## [EXERCISE PROMPT]
Only the lines from the start of the data through the line with "They look like" belong in the copy. Restate them word for word, minus the pictures.

▬▬▬▬▬▬

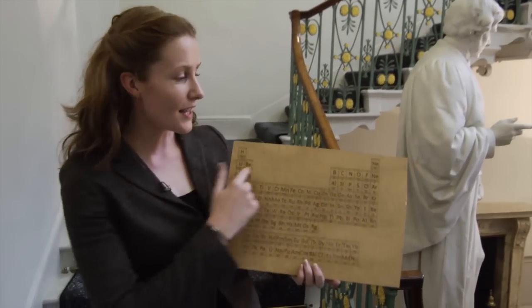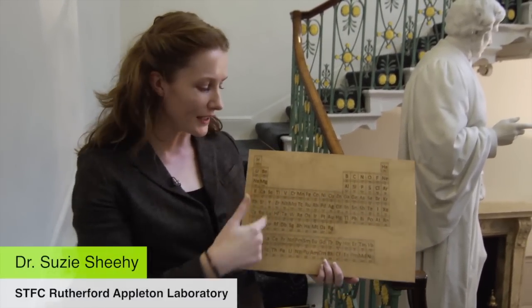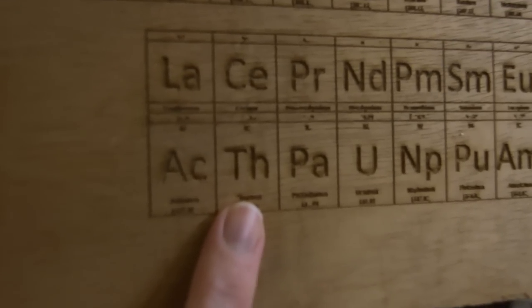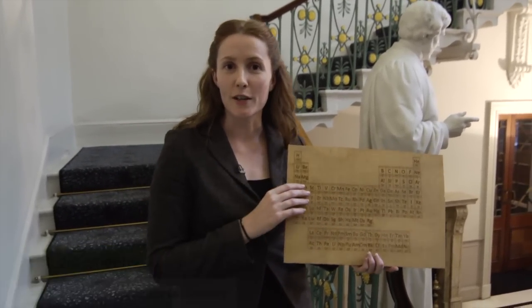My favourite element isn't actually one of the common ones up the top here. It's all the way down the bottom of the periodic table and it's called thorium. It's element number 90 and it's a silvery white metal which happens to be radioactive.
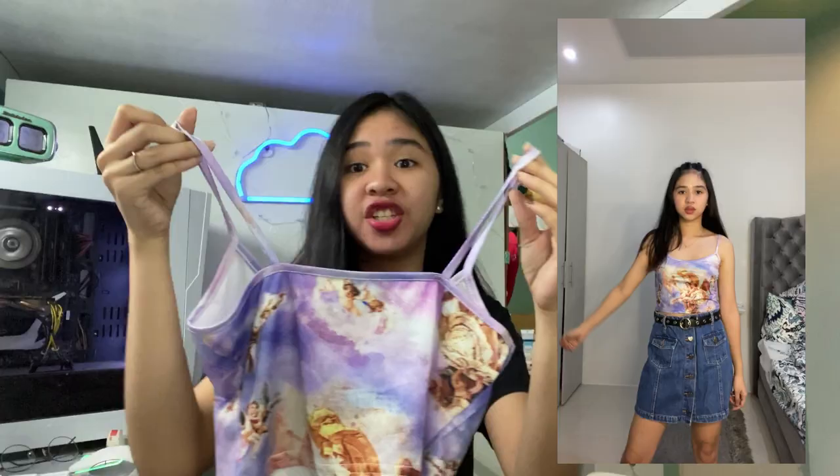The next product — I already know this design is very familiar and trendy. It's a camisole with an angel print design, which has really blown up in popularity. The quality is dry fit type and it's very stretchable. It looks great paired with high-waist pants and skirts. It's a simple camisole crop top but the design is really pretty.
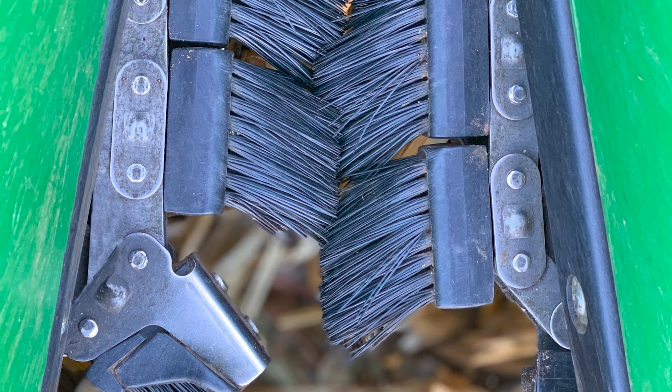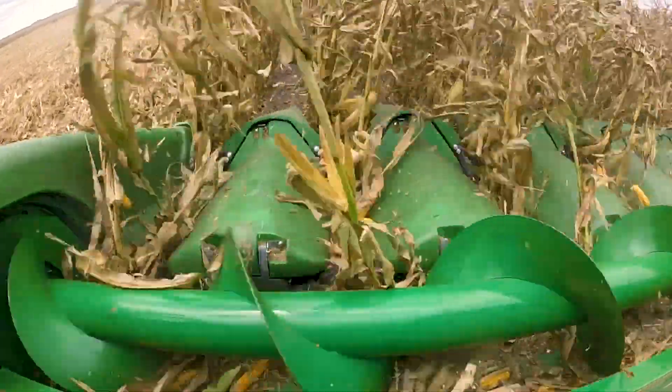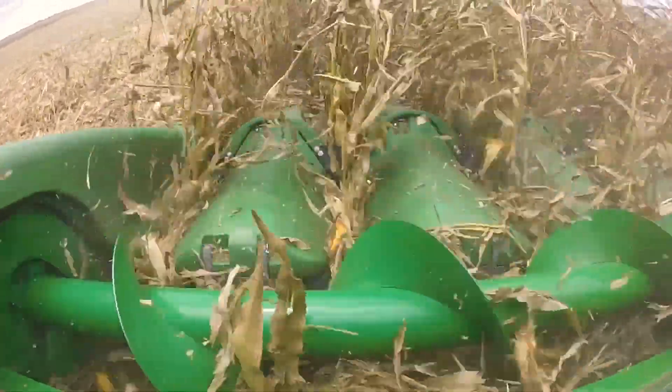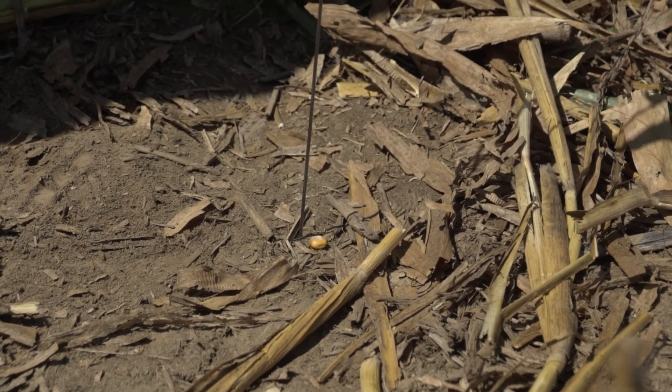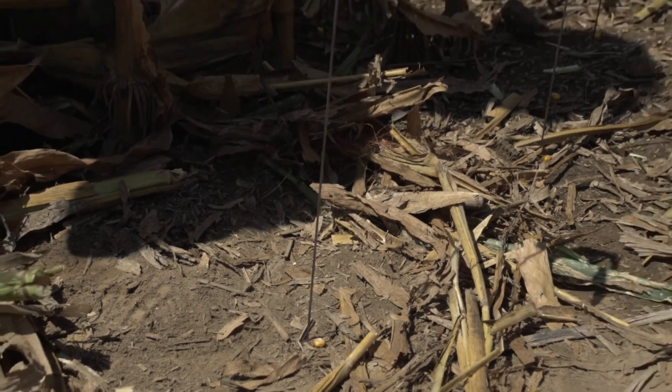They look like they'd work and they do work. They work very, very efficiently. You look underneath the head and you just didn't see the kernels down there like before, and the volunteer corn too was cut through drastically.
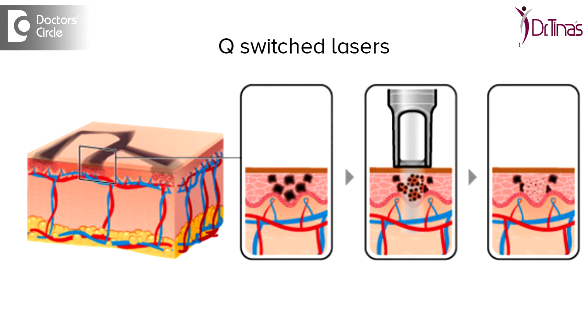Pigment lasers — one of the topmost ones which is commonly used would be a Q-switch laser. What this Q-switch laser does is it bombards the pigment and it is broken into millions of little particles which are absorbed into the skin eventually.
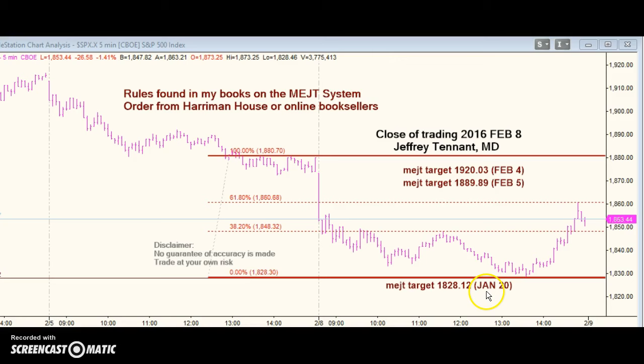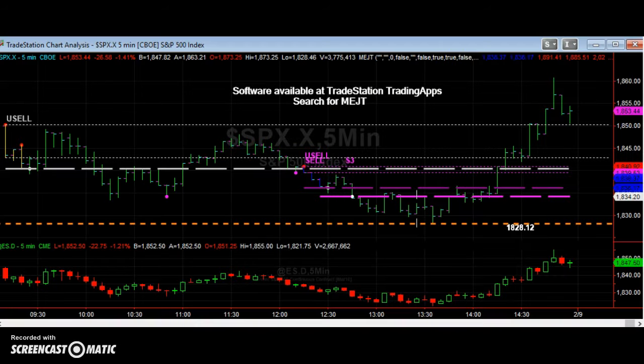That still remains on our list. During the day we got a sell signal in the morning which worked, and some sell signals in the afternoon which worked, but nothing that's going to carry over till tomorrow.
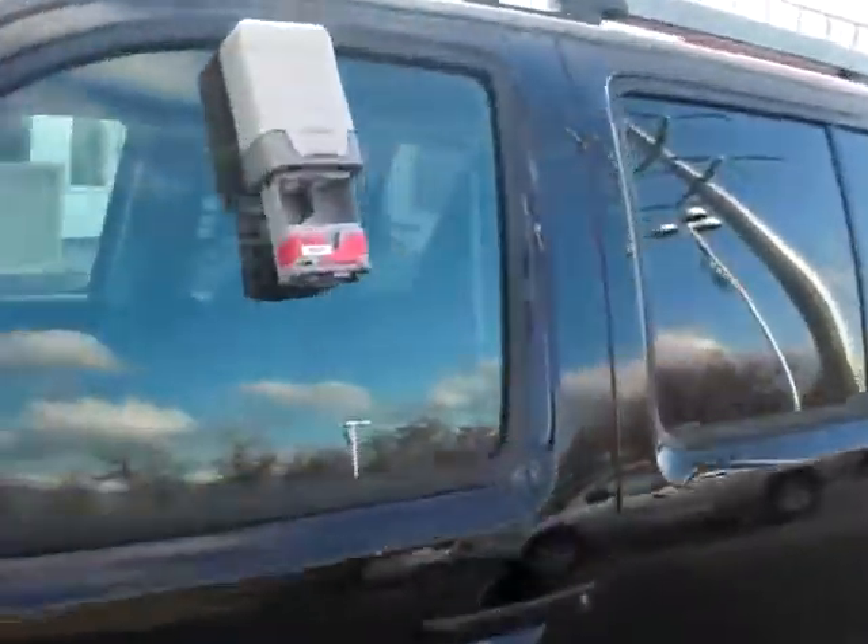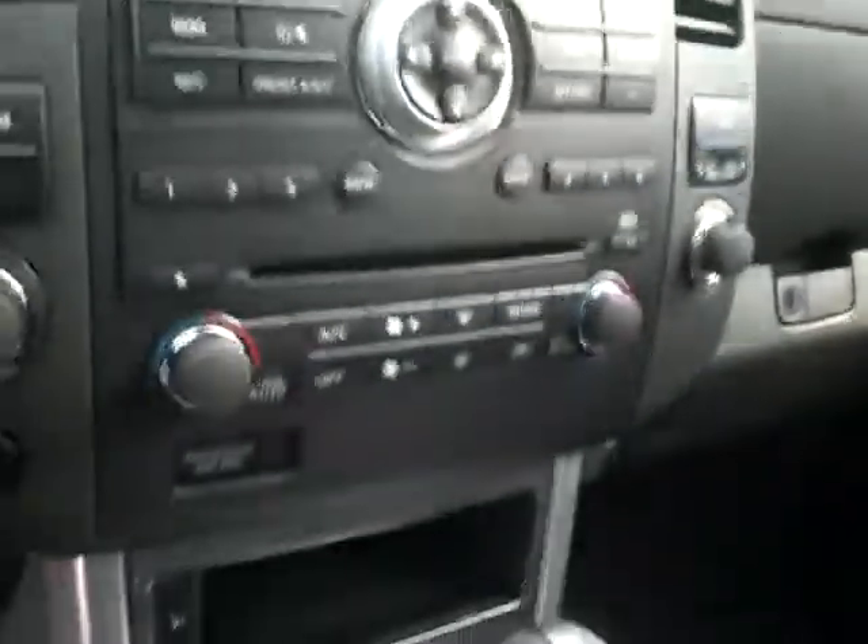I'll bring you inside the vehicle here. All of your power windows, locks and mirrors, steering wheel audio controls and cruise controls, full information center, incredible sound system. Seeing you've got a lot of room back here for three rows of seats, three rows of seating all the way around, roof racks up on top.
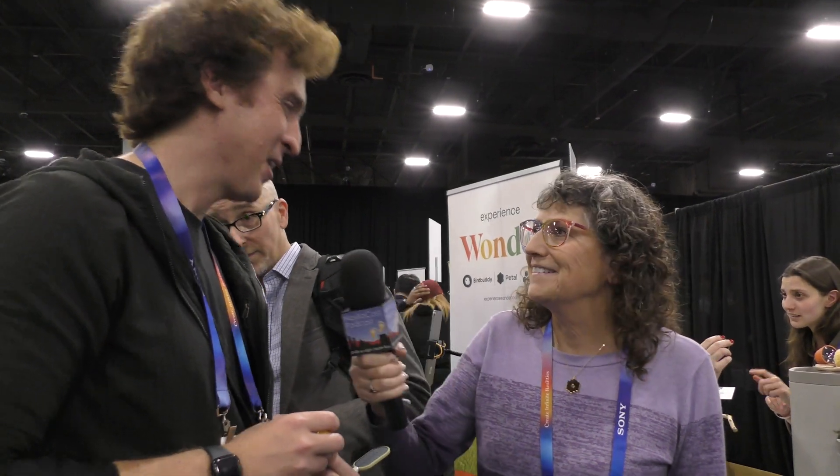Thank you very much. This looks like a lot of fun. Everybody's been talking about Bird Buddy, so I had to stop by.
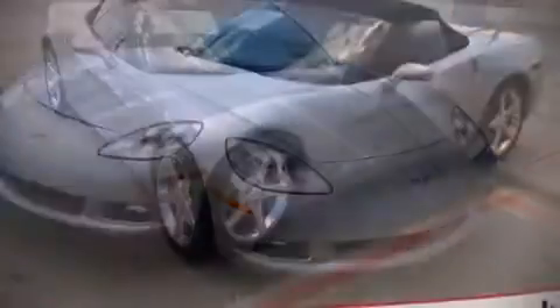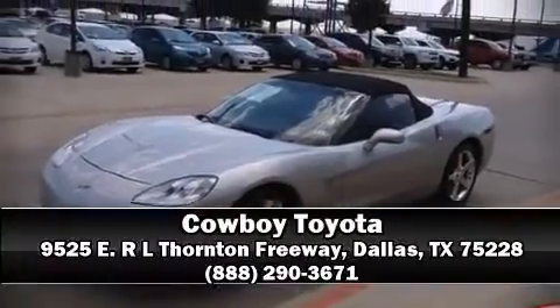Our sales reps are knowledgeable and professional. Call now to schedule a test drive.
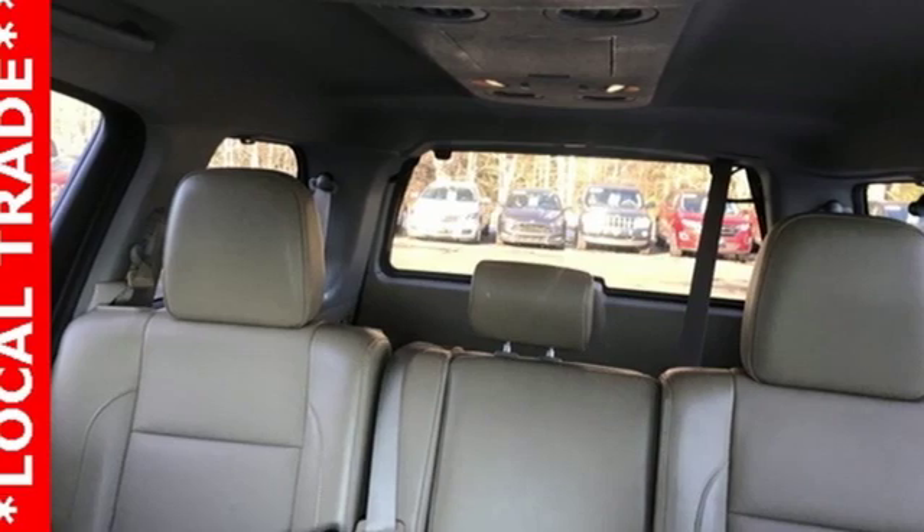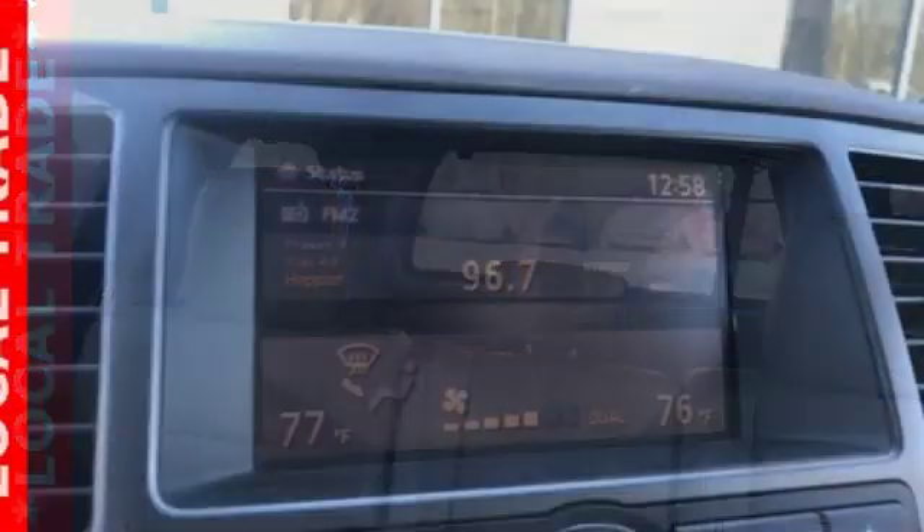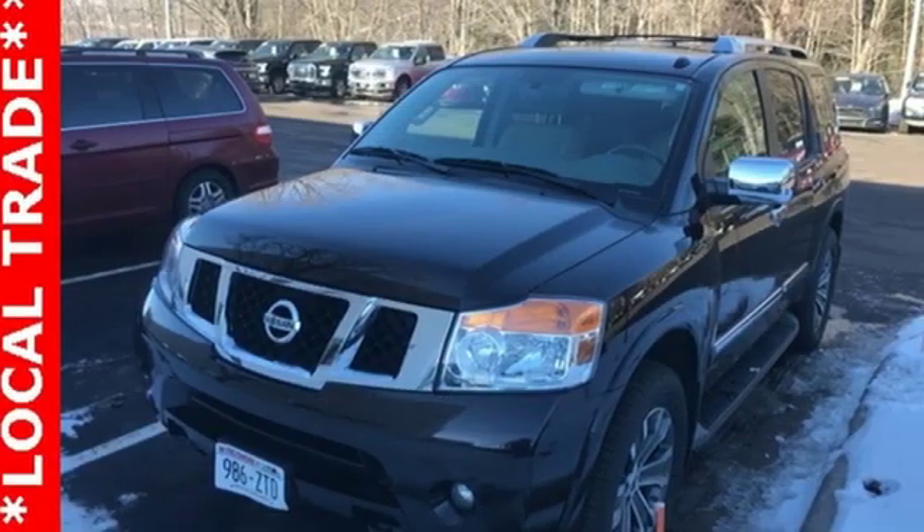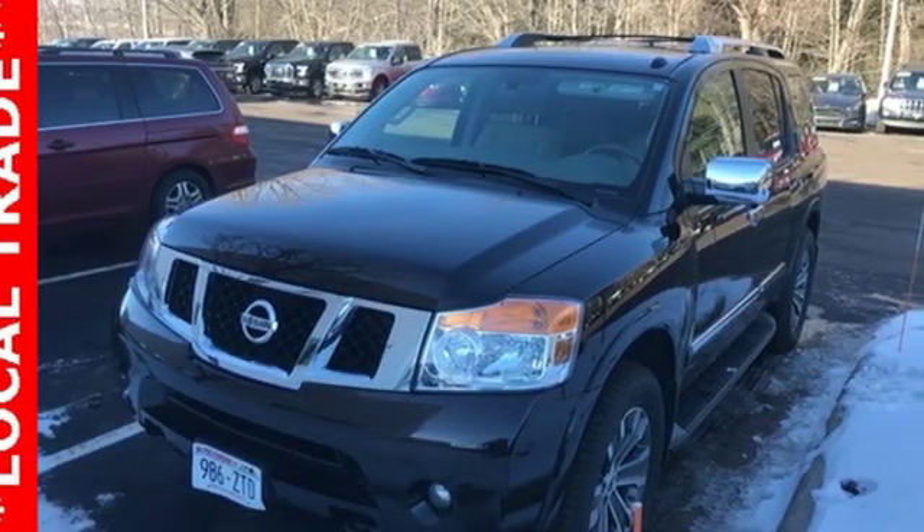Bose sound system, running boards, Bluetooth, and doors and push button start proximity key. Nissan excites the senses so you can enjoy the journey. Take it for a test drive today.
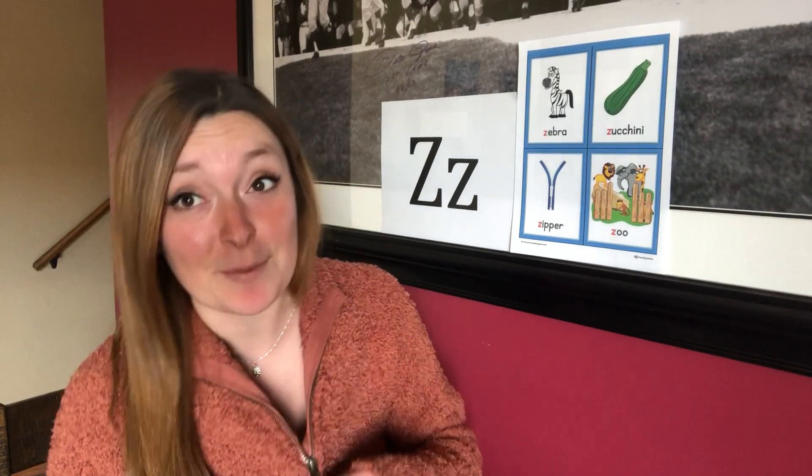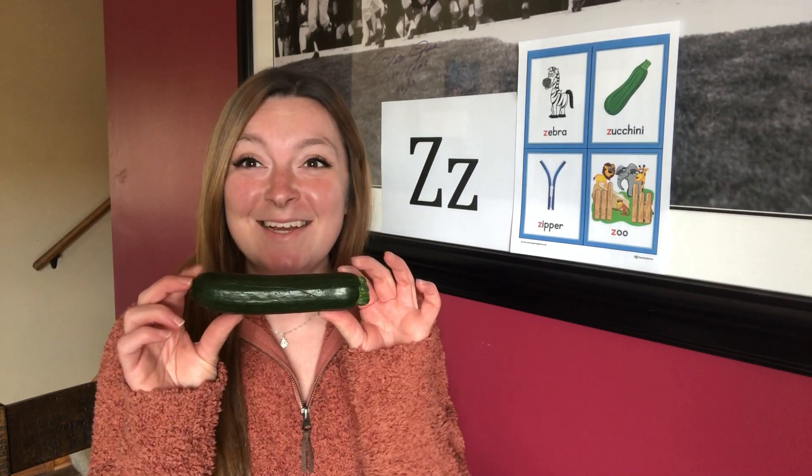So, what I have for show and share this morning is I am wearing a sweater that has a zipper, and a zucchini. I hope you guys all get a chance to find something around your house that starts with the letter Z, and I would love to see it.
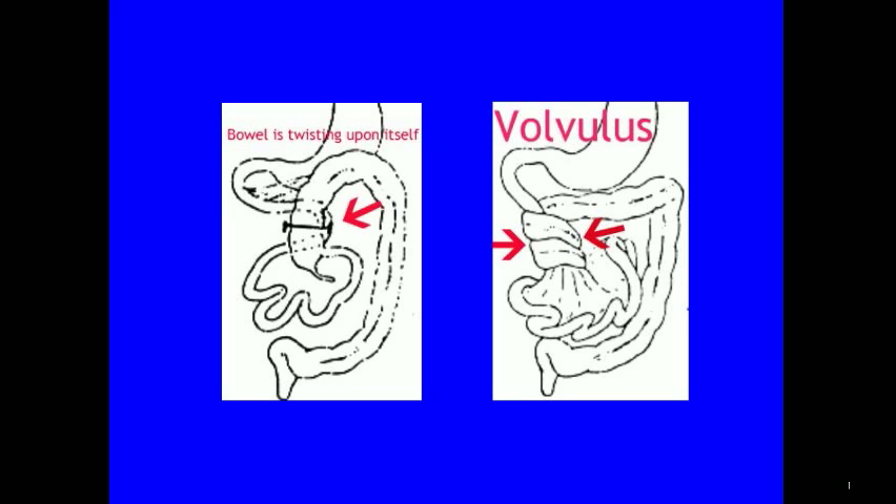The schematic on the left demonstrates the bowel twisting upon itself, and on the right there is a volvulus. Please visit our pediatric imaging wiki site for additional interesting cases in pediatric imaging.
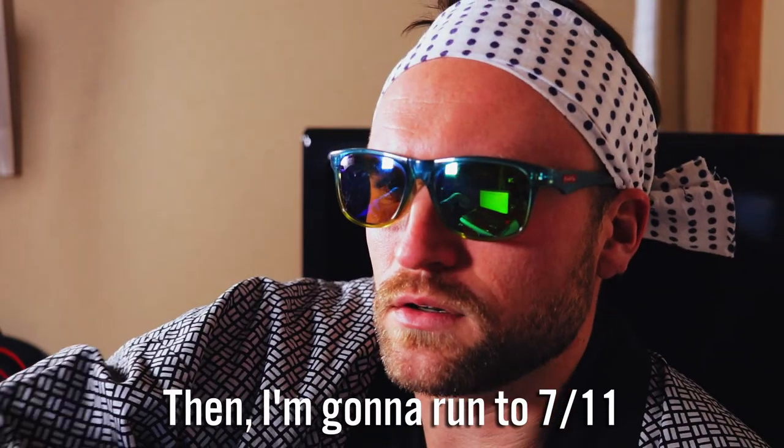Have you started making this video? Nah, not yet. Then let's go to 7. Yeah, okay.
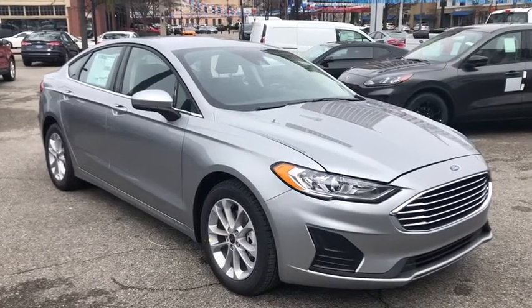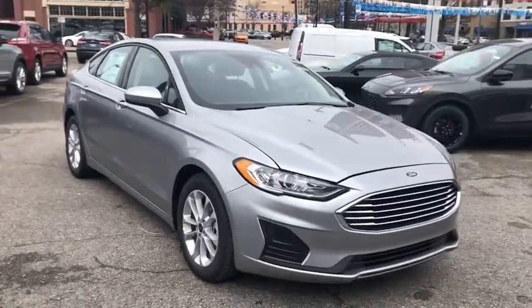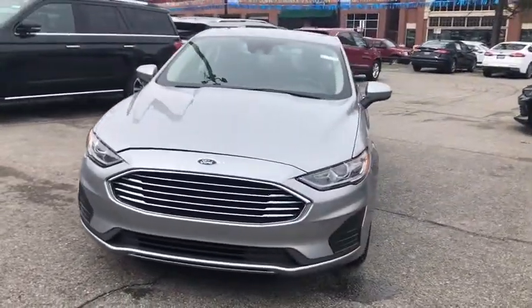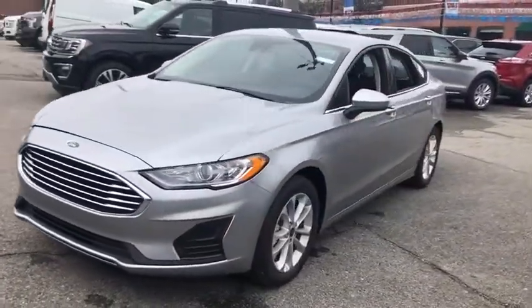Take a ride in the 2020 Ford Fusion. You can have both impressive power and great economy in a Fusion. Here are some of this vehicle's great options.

▬▬▬▬▬▬

## [ANSWER SECTION]
My favourite element isn't actually one of the common ones up the top here. It's all the way down the bottom of the periodic table and it's called thorium. It's element number 90 and it's a silvery white metal which happens to be radioactive.
The next product — I already know this design is very familiar and trendy. It's a camisole with an angel print design, which has really blown up in popularity. The quality is dry fit type and it's very stretchable. It looks great paired with high-waist pants and skirts. It's a simple camisole crop top but the design is really pretty.
They look like they'd work and they do work. They work very, very efficiently. You look underneath the head and you just didn't see the kernels down there like before, and the volunteer corn too was cut through drastically.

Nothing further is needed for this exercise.